- **TO DO**: Look in the data below for the line that has "Thanks again guys", then print exactly every line from there through the line that has "For transferring cultures", leaving pictures out.

- **Saved entries**:

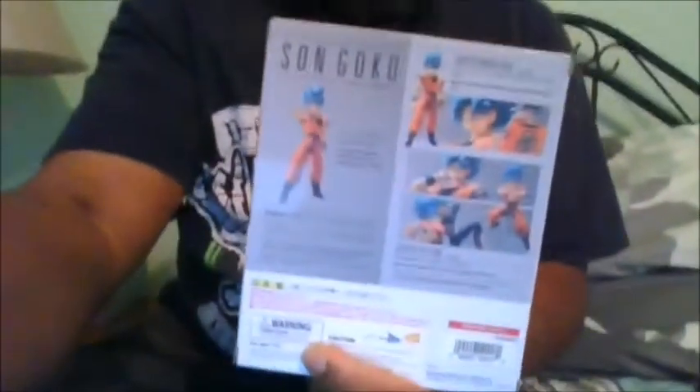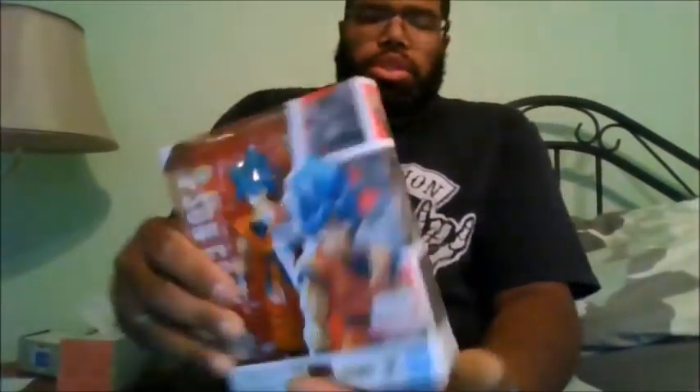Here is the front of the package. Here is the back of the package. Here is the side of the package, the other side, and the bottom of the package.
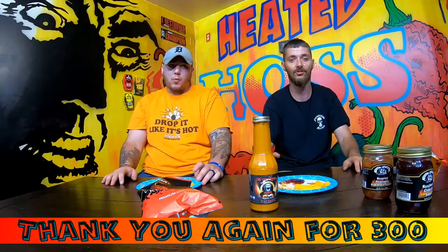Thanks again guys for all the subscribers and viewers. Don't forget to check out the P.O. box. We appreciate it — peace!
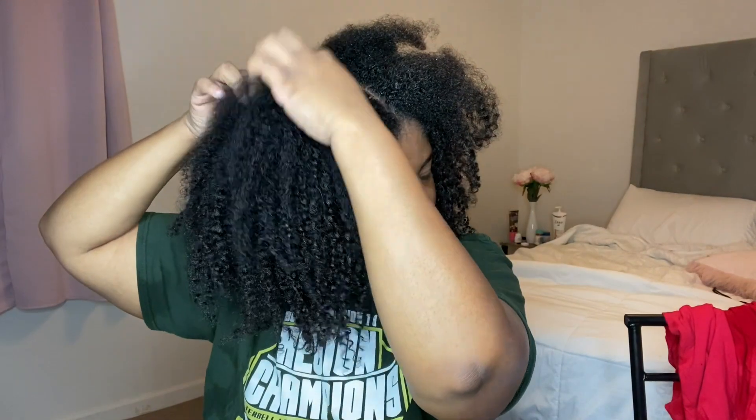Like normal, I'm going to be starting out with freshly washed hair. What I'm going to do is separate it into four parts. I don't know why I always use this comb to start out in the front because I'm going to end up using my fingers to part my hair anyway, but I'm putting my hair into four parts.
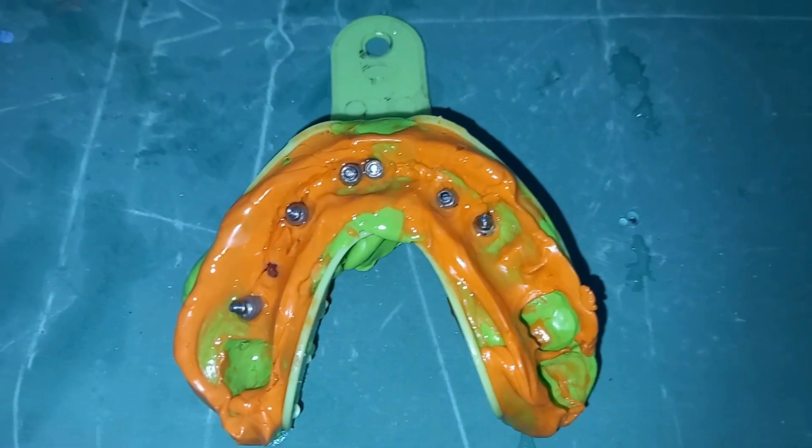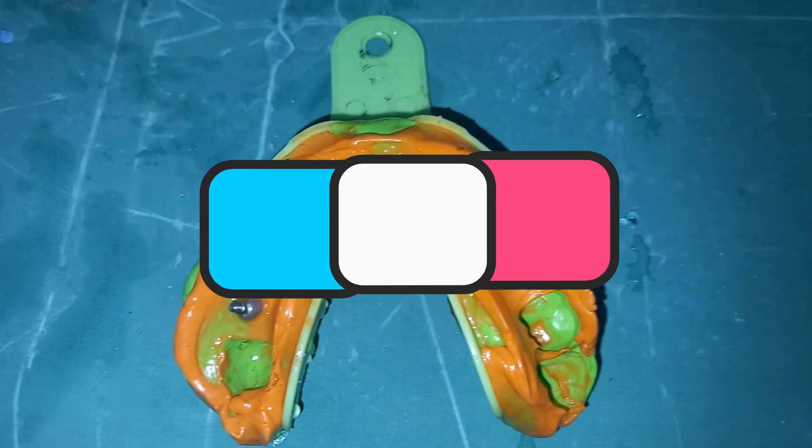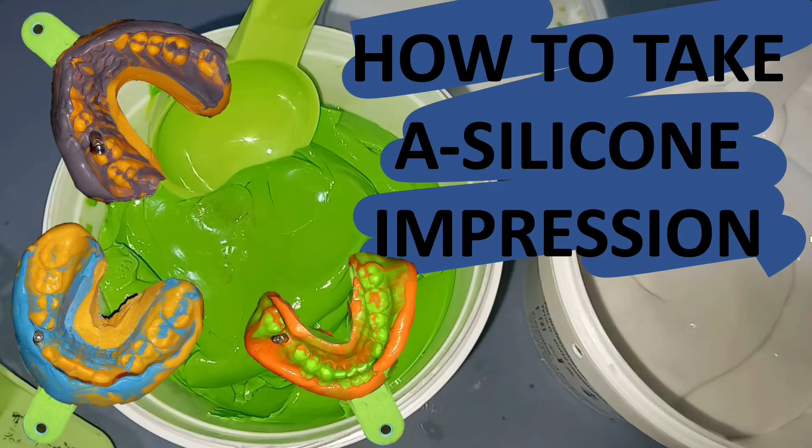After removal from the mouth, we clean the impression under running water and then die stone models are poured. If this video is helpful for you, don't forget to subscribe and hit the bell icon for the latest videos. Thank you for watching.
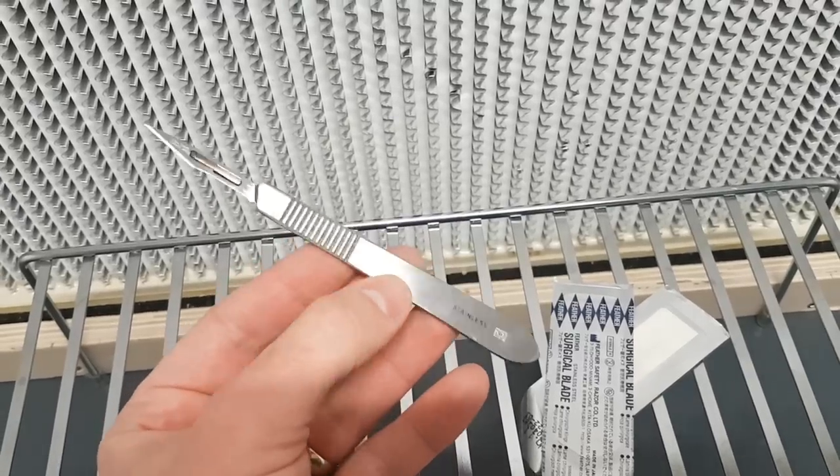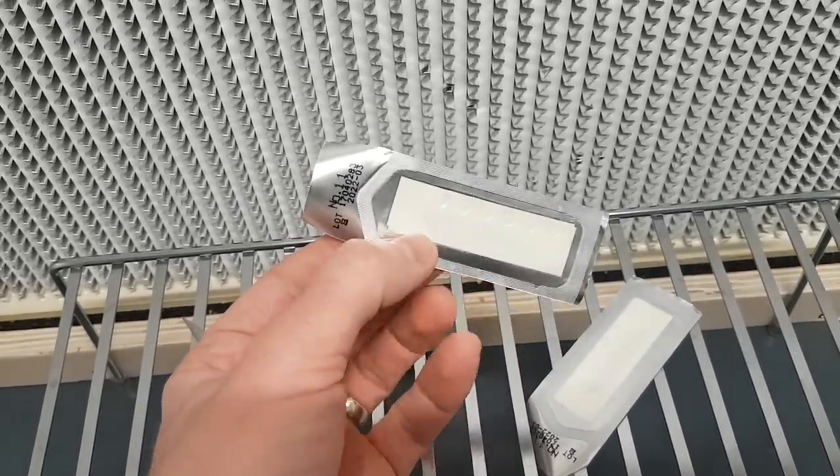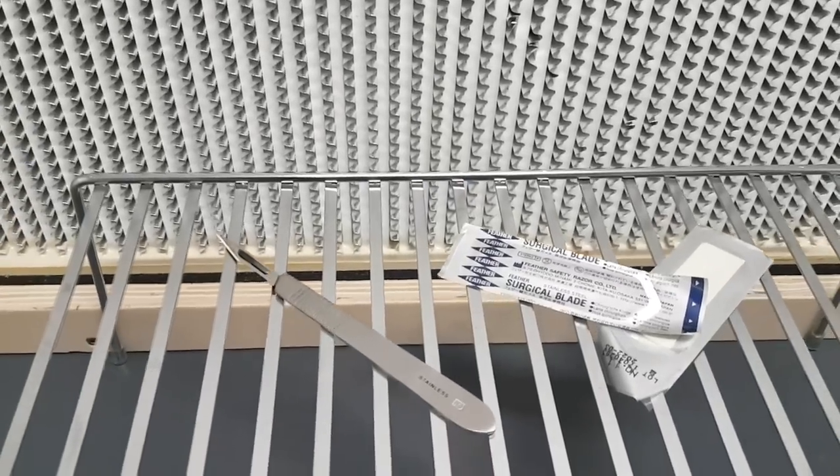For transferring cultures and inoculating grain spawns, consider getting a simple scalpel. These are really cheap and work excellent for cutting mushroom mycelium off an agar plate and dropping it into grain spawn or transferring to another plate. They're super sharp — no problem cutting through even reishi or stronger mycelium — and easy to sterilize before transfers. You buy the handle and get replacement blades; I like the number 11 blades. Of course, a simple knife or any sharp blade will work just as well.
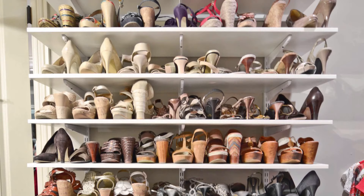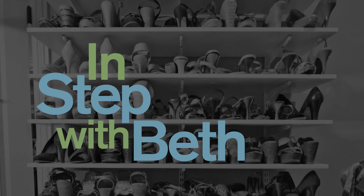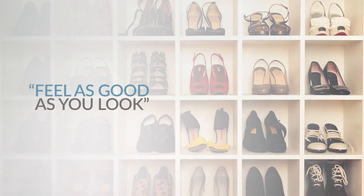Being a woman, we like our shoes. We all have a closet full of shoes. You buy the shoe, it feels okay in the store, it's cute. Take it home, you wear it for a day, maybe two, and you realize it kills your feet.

---

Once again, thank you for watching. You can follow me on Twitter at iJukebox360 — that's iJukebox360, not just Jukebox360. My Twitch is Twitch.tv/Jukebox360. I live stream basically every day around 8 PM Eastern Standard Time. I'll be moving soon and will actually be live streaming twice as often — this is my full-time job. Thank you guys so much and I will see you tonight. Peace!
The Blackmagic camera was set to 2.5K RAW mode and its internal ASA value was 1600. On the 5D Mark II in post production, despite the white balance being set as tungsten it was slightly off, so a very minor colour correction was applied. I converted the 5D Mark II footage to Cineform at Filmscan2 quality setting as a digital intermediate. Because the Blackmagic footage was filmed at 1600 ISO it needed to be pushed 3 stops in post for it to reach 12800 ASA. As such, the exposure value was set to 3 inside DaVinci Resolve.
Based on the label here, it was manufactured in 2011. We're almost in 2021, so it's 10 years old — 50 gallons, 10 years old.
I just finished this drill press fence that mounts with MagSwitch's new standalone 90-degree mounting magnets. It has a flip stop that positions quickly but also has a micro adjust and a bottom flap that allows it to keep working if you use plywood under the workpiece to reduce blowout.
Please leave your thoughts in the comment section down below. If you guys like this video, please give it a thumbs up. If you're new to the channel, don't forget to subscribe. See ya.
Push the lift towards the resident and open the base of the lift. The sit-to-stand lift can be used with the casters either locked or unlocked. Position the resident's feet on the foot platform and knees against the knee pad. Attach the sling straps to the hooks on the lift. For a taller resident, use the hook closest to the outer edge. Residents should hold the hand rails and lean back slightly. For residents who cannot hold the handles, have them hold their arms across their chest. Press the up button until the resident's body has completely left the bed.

- **THE ANSWER**:
Thanks again guys for all the subscribers and viewers. Don't forget to check out the P.O. box. We appreciate it — peace!
Like normal, I'm going to be starting out with freshly washed hair. What I'm going to do is separate it into four parts. I don't know why I always use this comb to start out in the front because I'm going to end up using my fingers to part my hair anyway, but I'm putting my hair into four parts.
After removal from the mouth, we clean the impression under running water and then die stone models are poured. If this video is helpful for you, don't forget to subscribe and hit the bell icon for the latest videos. Thank you for watching.
For transferring cultures and inoculating grain spawns, consider getting a simple scalpel. These are really cheap and work excellent for cutting mushroom mycelium off an agar plate and dropping it into grain spawn or transferring to another plate. They're super sharp — no problem cutting through even reishi or stronger mycelium — and easy to sterilize before transfers. You buy the handle and get replacement blades; I like the number 11 blades. Of course, a simple knife or any sharp blade will work just as well.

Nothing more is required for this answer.